Over the next two years, Bermuda prepared itself for the all-important General Election.
On April 29, 1968, Lord Martonmere prorogued Parliament and announced the election date — May 22.
His wide-ranging speech to Parliament touched on the new Constitution and the far-reaching consequences it would have on the political life of the community.
He said because the number of constituencies had increased from 36 to 40, a complete registration of voters had taken place “to ensure that there should be no confusion or risk that any person eligible to register as a voter should be deprived of his right to vote”.
He added: “I should like at this point to commend the work of the Parliamentary Registrar, Mrs Ruth James. She has performed her duties with a quiet competence, which augurs for the conduct of the General Election, the arrangements for which are also under her supervision.”
Although Bermuda had been convulsed by riots in April, the election, which brought the United Bermuda Party to power, went off without a hitch. James, for her part, was appointed a Member of the Most Excellemnt Order of the British Empire in the 1969 New Year Honours.
But, sadly, by then she was battling breast cancer. In June 1970, the Bermuda Government announced that she would be retiring because of ill health. She died a week later.
In Parliament, John Sharpe expressed his condolences on behalf of the Government. Sharpe — later Sir John — said James had filled the post with great distinction.
He also said: “I think the characteristic most in evidence in serving the public was her unfailing courtesy and obvious competence.”
Government leader Sir Henry Tucker and Opposition leader Lois Browne-Evans led the dignitaries who attended her funeral at St Paul AME Church.
James was survived by her husband and two daughters, Joni and Evelyn, brother Earle Seaton, who flew from Tanzania, where he was based to attend her funeral, and elder sister Wyonne.

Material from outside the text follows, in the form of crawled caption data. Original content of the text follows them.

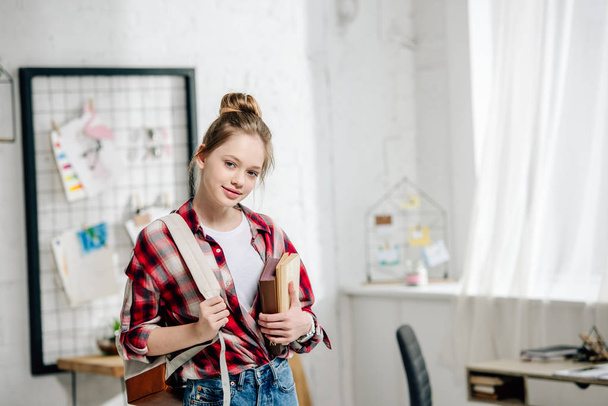 Teenage schoolgirl in checkered shirt with backpack holding books - Foto, Imagen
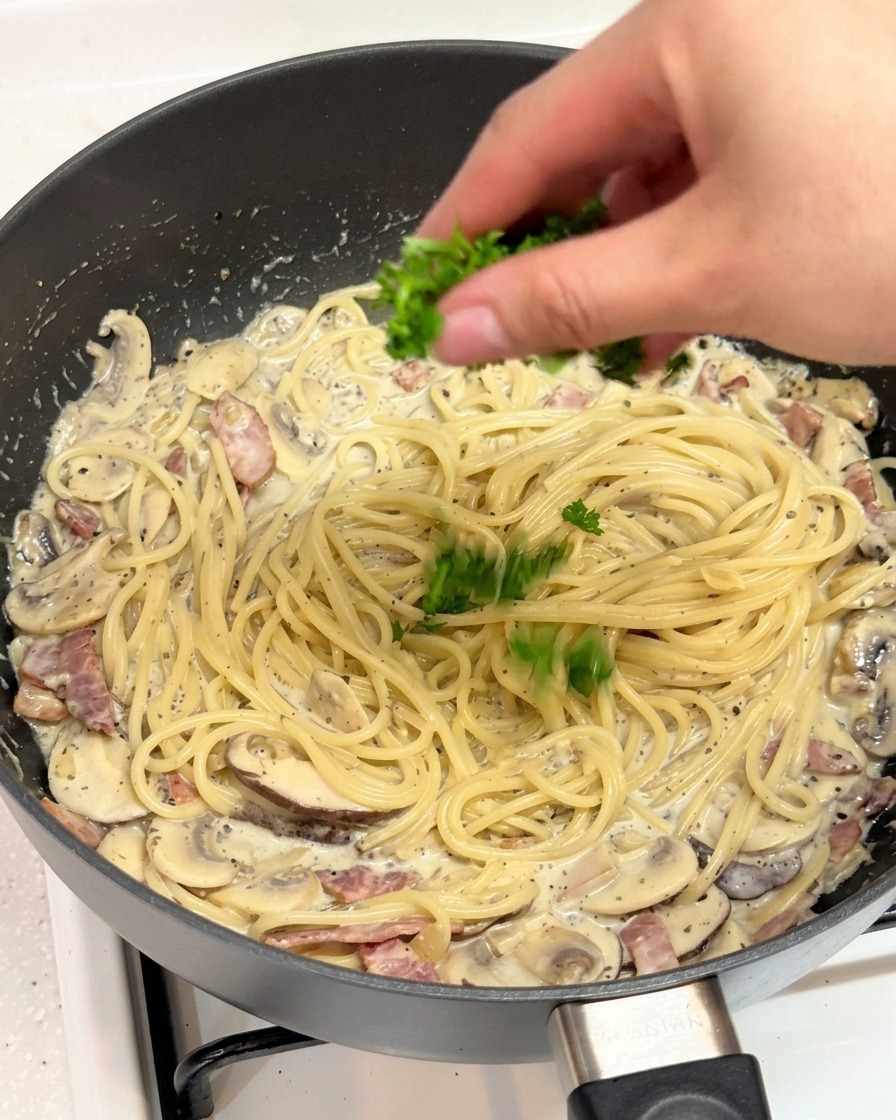 A hand sprinkling freshly chopped bright green parsley over a pan of creamy truffle pasta.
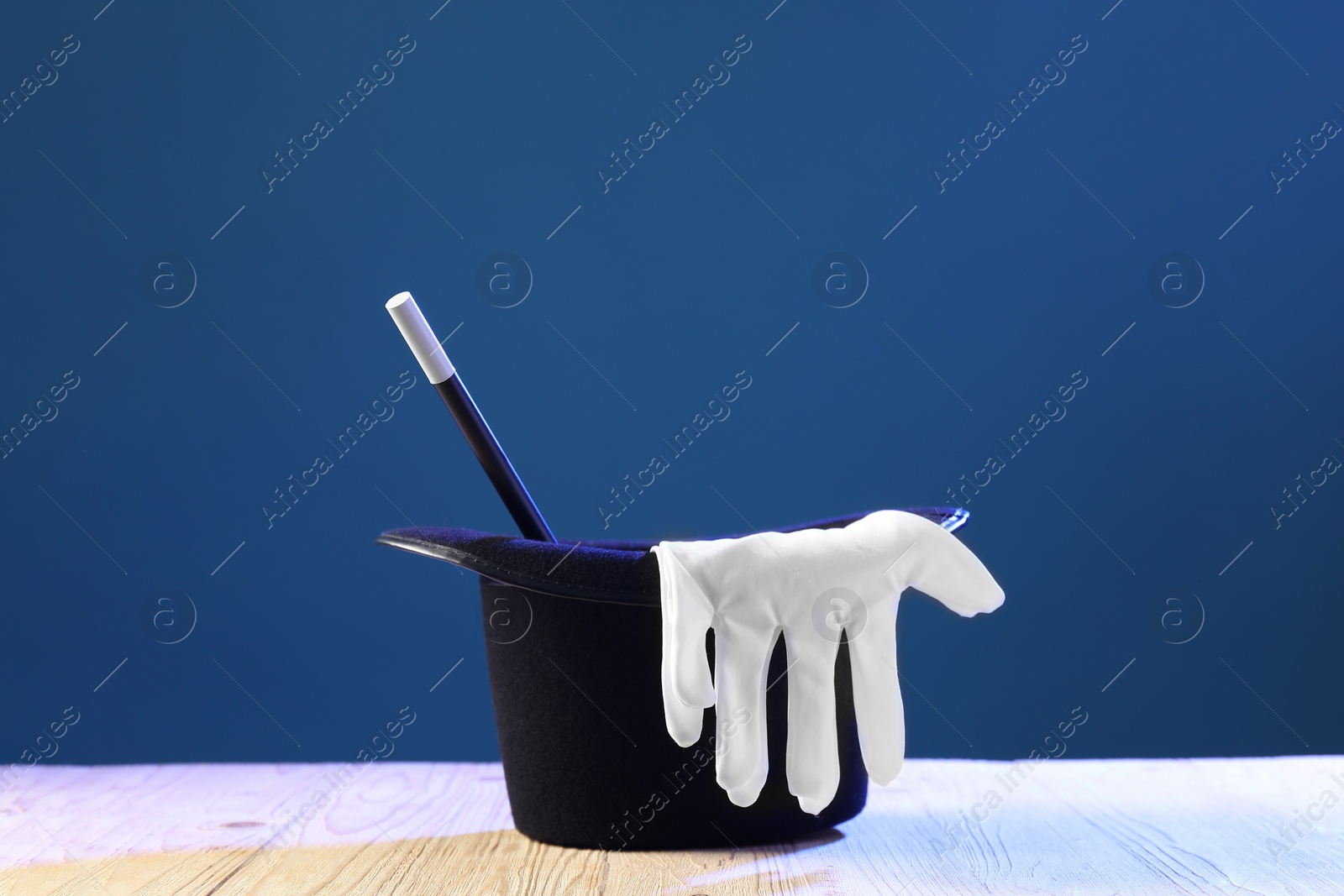 Photo of Magician's hat, wand and gloves on wooden table against blue background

Brother Charles died tragically in 1951 at age 21 in a drowning accident. He was reported to have been the first black graduate of Toronto’s Ryerson Institute of Technology, where he had studied publishing and general printing.
In February 1972, a memorial plaque was erected at St Paul AME Church, where James had been a member of the senior choir.

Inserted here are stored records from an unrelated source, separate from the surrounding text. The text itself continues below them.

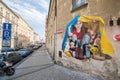 Graffiti by Chemis artist depicts a little girl hiding a European fairy tale character under a blanket from Ukrainian flag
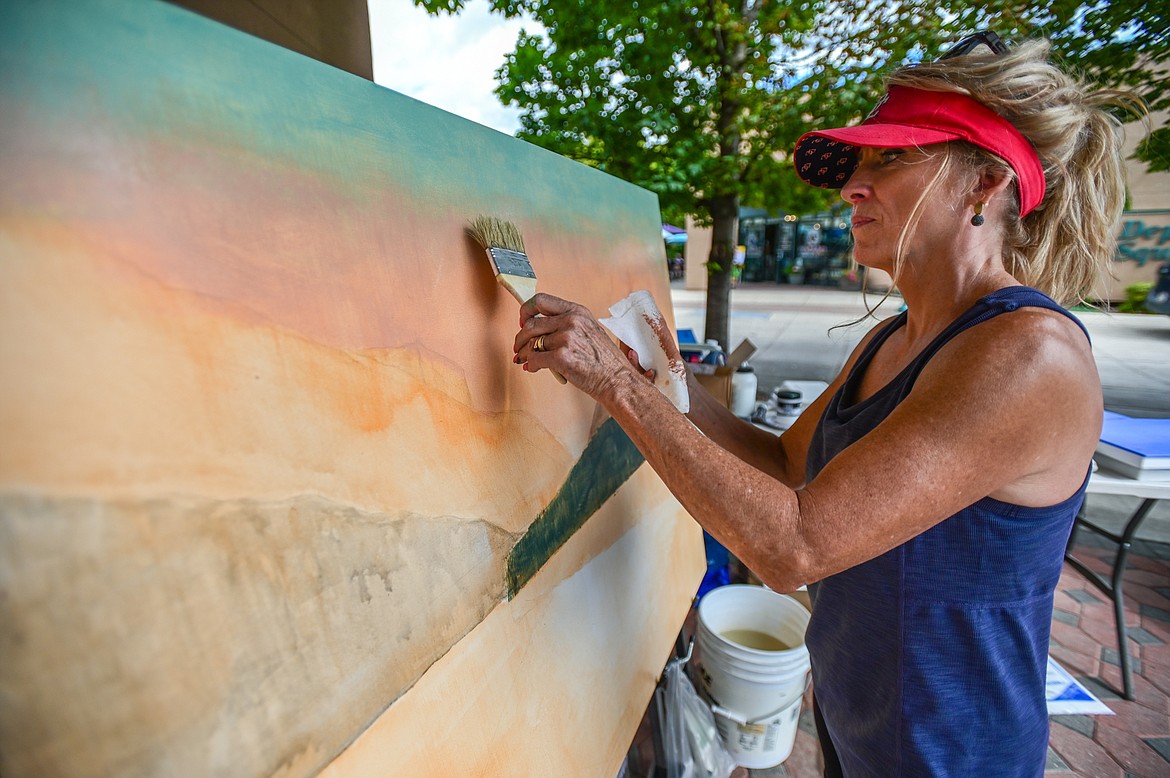 Artist Susan Guthrie works on a rendition of a Clarence Rundell mural for the Kalispell Downtown Association and KALICO Art Center's Downtown Art Challenge on Saturday, Aug. 27. Ten artists each referenced a different Clarence Rundell mural that Rundell painted in 1936 in what is now Rocky Mountain Outfitter on Main Street in Kalispell. The paintings will be hung up and on view in  several downtown businesses from Aug. 31 to Sept. 8, during which time all of the paintings will be up for auction on the following online platform: https://app.galabid.com/kdachallenge/items. (Casey Kreider/Daily Inter Lake)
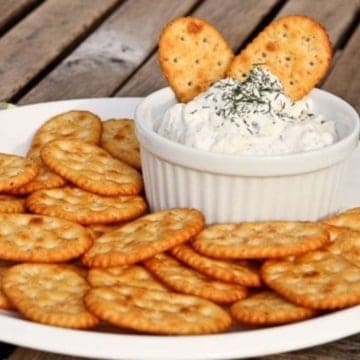 dill dip in a bowl with crackers around it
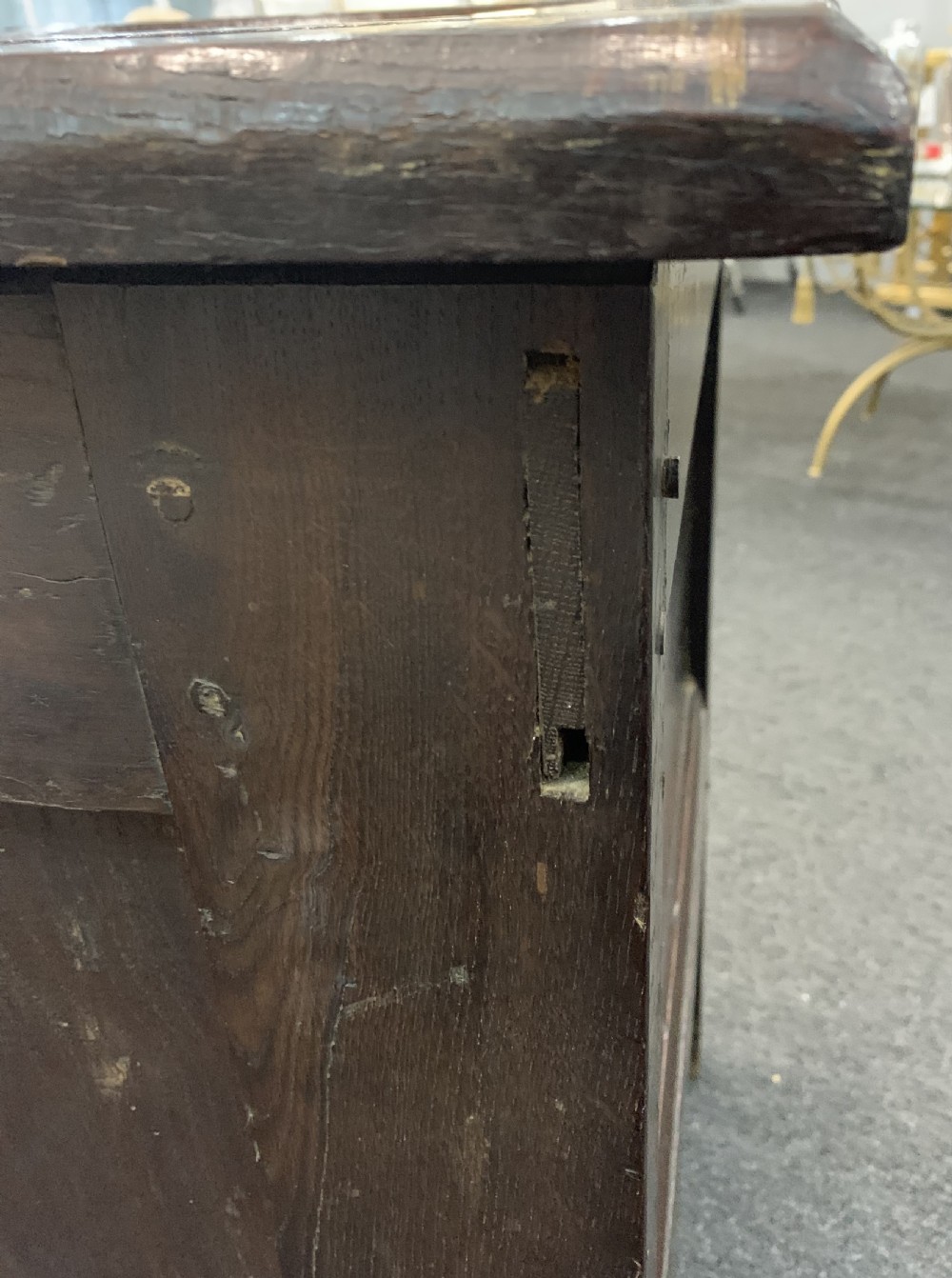 An 18th-century dark oak coffer featuring a three-panel hinged top, carved frieze rail, iron lock plate, and raised stile feet. View XIII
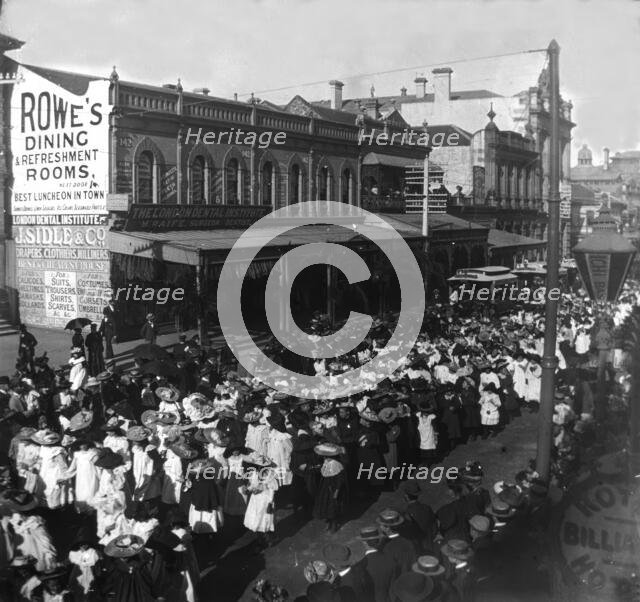 Procession of girls and women out the front of 142, Queen Street corner Edward Street, 1905. Creator: Robert Augustus Henry L'Estrange.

In February 1973, she received a posthumous honour with the opening of Ruth Seaton James Auditorium in Devonshire.
Before her death, she had been appointed chairwoman of a new advisory board for Prospect Secondary School for Girls and Robert Crawford School, but had to withdraw when her health declined.

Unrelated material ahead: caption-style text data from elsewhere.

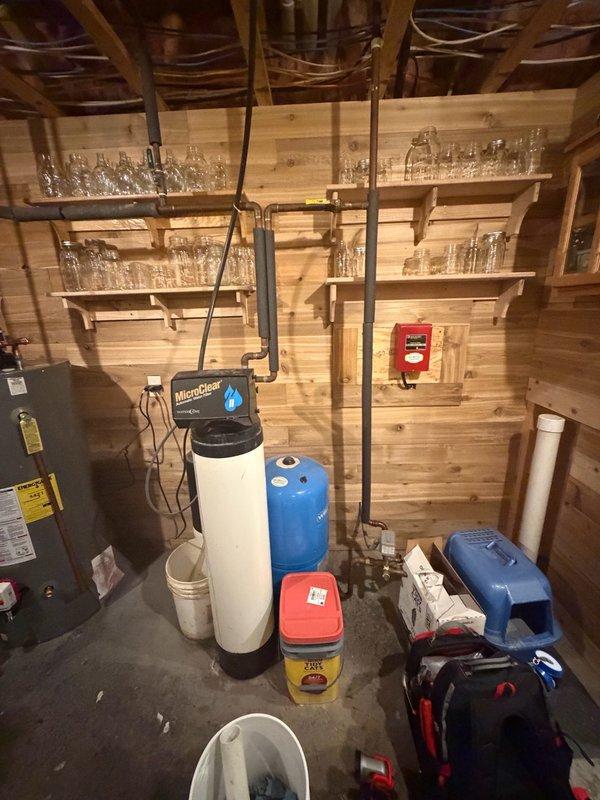 Completed installation of customer-supplied gas water heater in basement utility area. Technician arrived before noon as scheduled and provided courtesy call en route. Connected new unit to existing copper supply lines and gas piping, ensuring proper integration with the home's water treatment system including the MicroClear water softener and pressure tank. All connections were tested for leaks and proper operation upon completion.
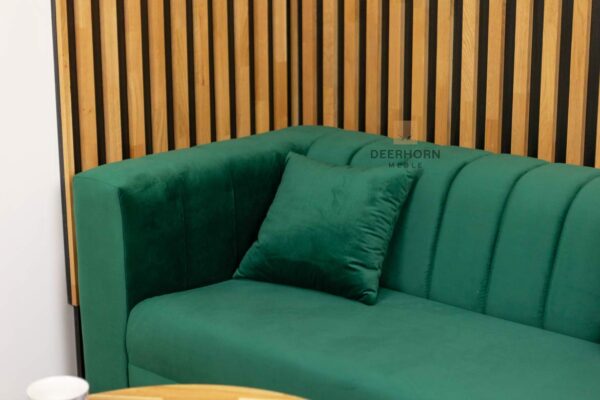 elegancka sofa z poduszkami w kolorze butelkowej zieleni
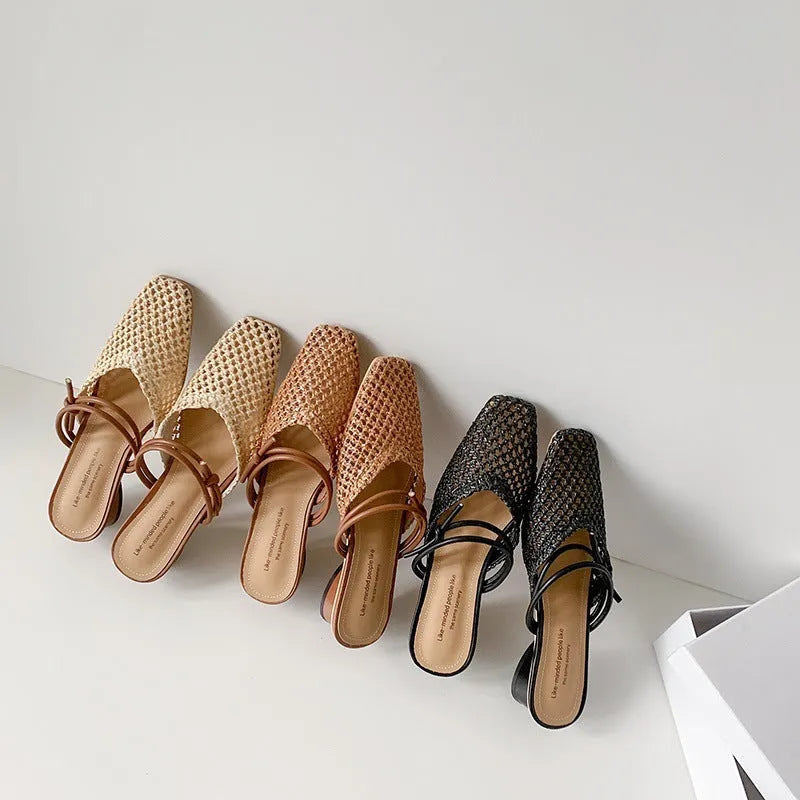 Women's black square toe slippers with hollow-out design and a chunky heel on a rubber sole.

James had also taught at Girls Institute of Arts and Crafts, which was the forerunner to Prospect Secondary School for Girls.
The auditorium served both schools and also the wider community. While neither school exists today, Ruth Seaton James Auditorium for the Performing Arts was rebuilt in the 1990s after the construction of CedarBridge Academy, and continues to serve the community and keep her legacy alive.
“In 1950 my father wrote to tell me that the Civil Service was now open to everyone. I came back again but there were still no jobs open to Coloured people. I taught at Girls Institute of Arts and Crafts, then one day the Registrar-General, Mr Parker, asked me if I was still interested in the Civil Service ... We are a happy department and everyone likes the work. We could do with a male actually to act as messenger.” — Bermuda Sun, April 2, 1966
“I feel very pleased about it all.” — The Royal Gazette, August 22, 1966. James’s response to her history-making appointment
“I guess it’s the old die-hard disposition of some men who say they do not wish to be told to do anything by a woman — and we do tell them what to do during a marriage ceremony. But when it is all over we’ve had some complimentary things said.” — Bermuda Recorder, August 26, 1970. James speaking about the reaction she had encountered from some men at registry weddings.